━━━━━ Records shown ━━━━━

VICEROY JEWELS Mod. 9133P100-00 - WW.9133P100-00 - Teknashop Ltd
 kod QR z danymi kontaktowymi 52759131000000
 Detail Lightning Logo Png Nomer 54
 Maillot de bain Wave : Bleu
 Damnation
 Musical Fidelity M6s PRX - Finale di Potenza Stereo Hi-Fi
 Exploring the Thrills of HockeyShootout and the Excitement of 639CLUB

━━━━━

### What you should do:
Exactly reproduce the lines of the entries above, from the one containing "Maillot de bain Wave : Bleu" to the very last, and no others.

### Solution for this task:
 Maillot de bain Wave : Bleu
 Damnation
 Musical Fidelity M6s PRX - Finale di Potenza Stereo Hi-Fi
 Exploring the Thrills of HockeyShootout and the Excitement of 639CLUB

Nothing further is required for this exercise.